Why Document Your Data Pipelines?

It’s easy to overlook or neglect documenting your data pipelines because it takes time. When your team is growing, it’s even more tempting to prioritize doing the work over creating and maintaining good documentation.

Prioritizing documentation is easier when you consider its benefits and high ROI. Good documentation gives team members a common understanding of your data pipelines. If done well, it results in tangible benefits:

  • Reduces onboarding time: This benefit applies to people working on new projects and new team members alike. Because they need to understand the data flow to contribute effectively to a project, clearly understanding the data pipeline lets them hit the ground running and be productive faster. Investing in documentation can save managers and senior team members time that would have been spent on onboarding.
  • Protects against data loss: If there is a data outage, having a clear understanding of the data pipeline helps the team quickly identify the root cause and get the data flowing again. It also helps in identifying where the data was lost and how to recover it.
  • Makes machine learning more accurate and reliable: Having a common understanding of data pipelines helps improve the quality of the machine learning models. If the team can identify issues in data processing, those issues can be fixed before they impact the model, resulting in a more accurate and reliable machine learning system.
  • Makes it easier to reproduce results: When it’s easier to reproduce results, you can reuse data pipelines in multiple projects, saving resources in the long run.
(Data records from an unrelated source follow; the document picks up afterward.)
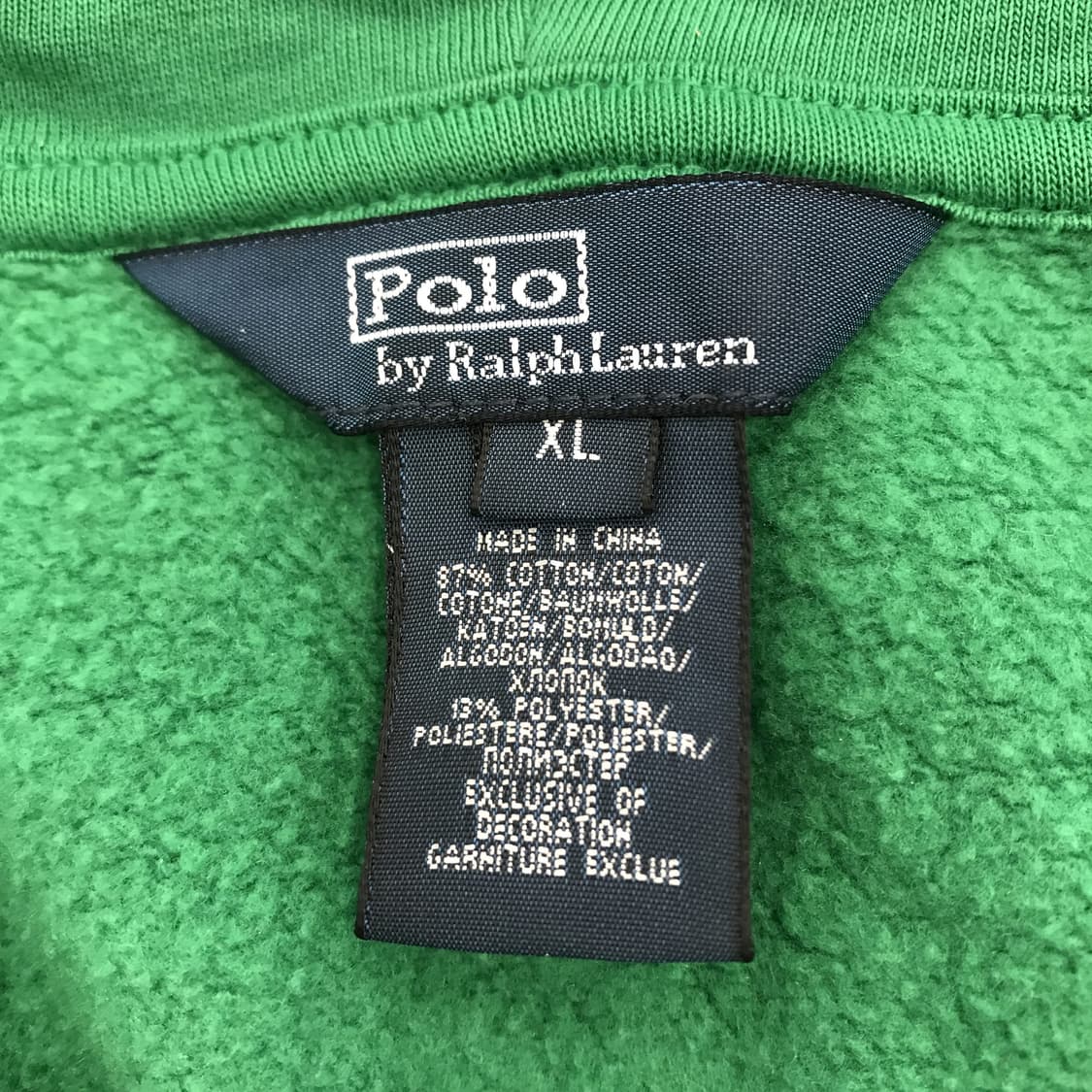 폴로 랄프로렌 그린 후드집업 [여성66오버] 상품이미지4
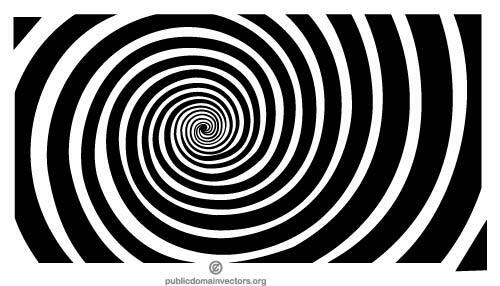 Negru spirală vectoriale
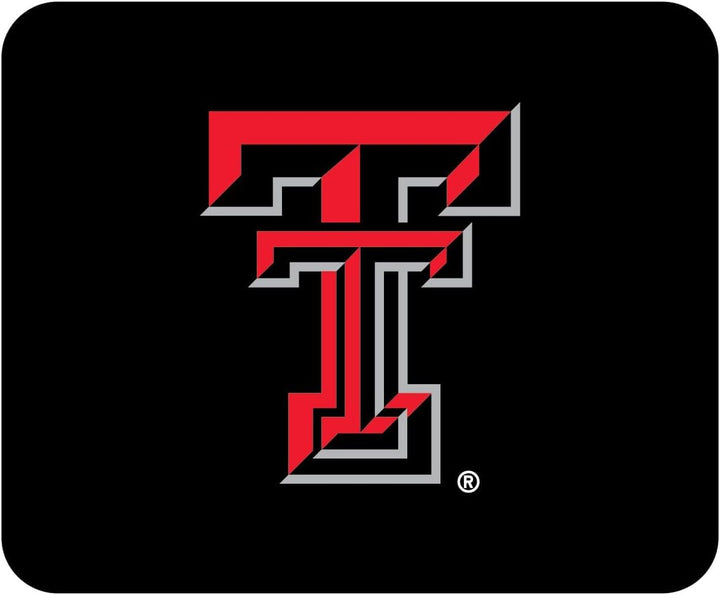 OTM Essentials Black Mousepad for Laptop – Texas Tech University Mouse Pad Small, Classic Standard Black Design, Non-Slip Base, Smooth Surface, Lightweight Gaming Mouse Pad for Home, Office, &amp; School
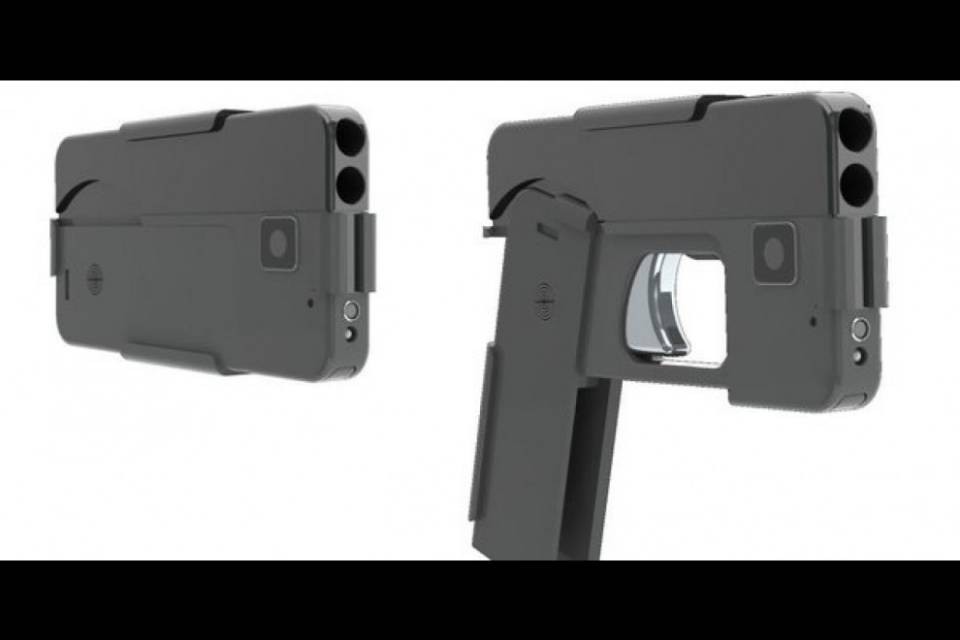 Presto la pistola a forma di smartphone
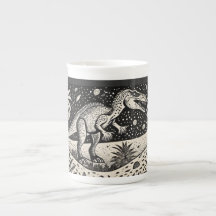 Designer T-Rex Dinasaur mug for Historians
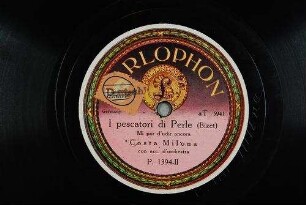 I pescatori di perle : Mi par d'udir ancora [Romanze des Nadir aus der Oper "Die Perlenfischer, 1. Akt] / (Bizet)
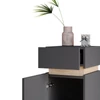 Vicco Gloria midi szekrény, 75,5 cm, antracit-tölgy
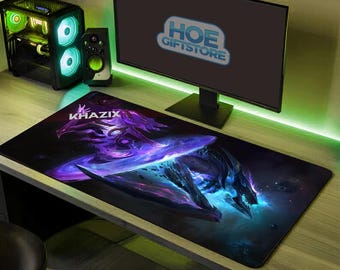 Void Specter artwork Desk Mat | Cosmic Purple Gaming Mousepad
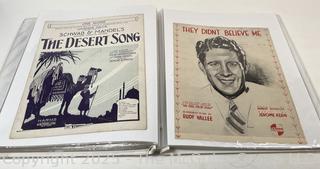 Plastic binder of sheet music from the 1940-50's
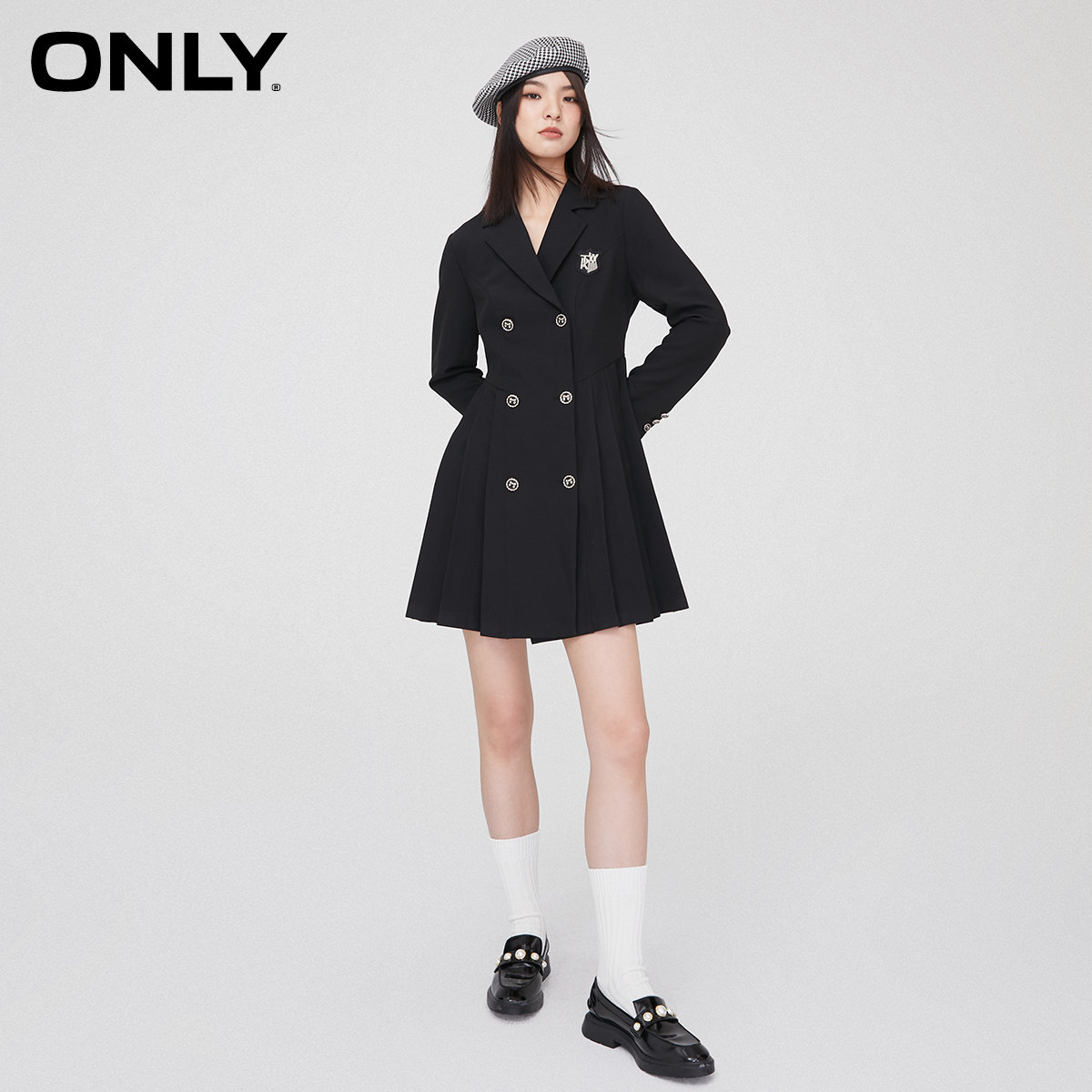 only奥莱春季新款潮流学院风连衣裙 ONLYoutlets店连衣裙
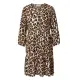 Midikleid Leopardenmuster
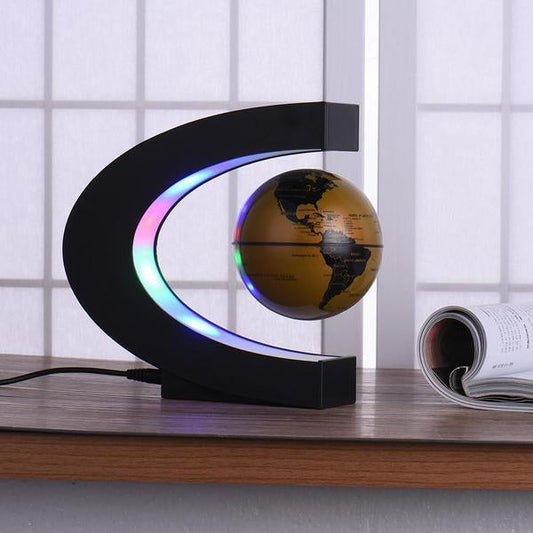 Zero Gravity Levitating Globe LED Lamp - Indigo-Temple
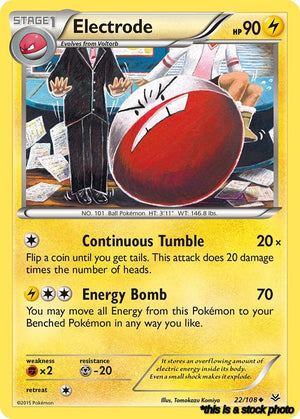 22/108 Electrode Uncommon Reverse Holofoil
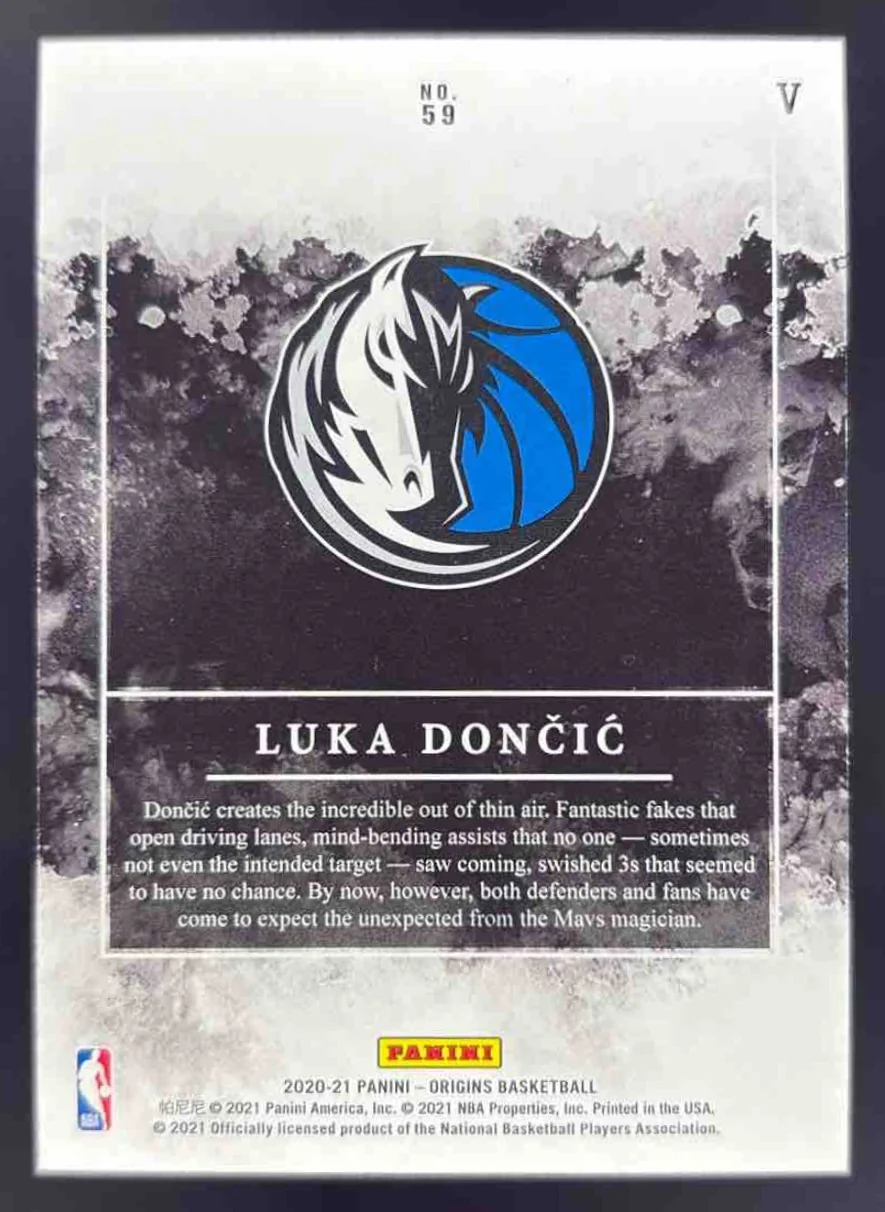 2020-21 Panini Origins #59b Luka Doncic - Image 2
How to Document Your Data Pipeline Workflows Diagrammatically

You have different options for documenting your data pipeline workflows diagrammatically. One is using a flowchart, which will show the different steps in your workflow and how they’re connected. Another is using a UML diagram, which will show the different components of your workflow and how they interact with each other. You could also use an entity-relationship model, which will show the different entities in your workflow and the relationships between them. Lastly, you can use diagrams as code, which will allow you to automatically keep track of diagrams in a distributed version control system like Git.

Regardless of which method your team chooses to use, keep the best practices for each stage below in mind.

Data Ingestion Stage

Data collection is a critical first step in any machine learning project since there can be no machine learning without data.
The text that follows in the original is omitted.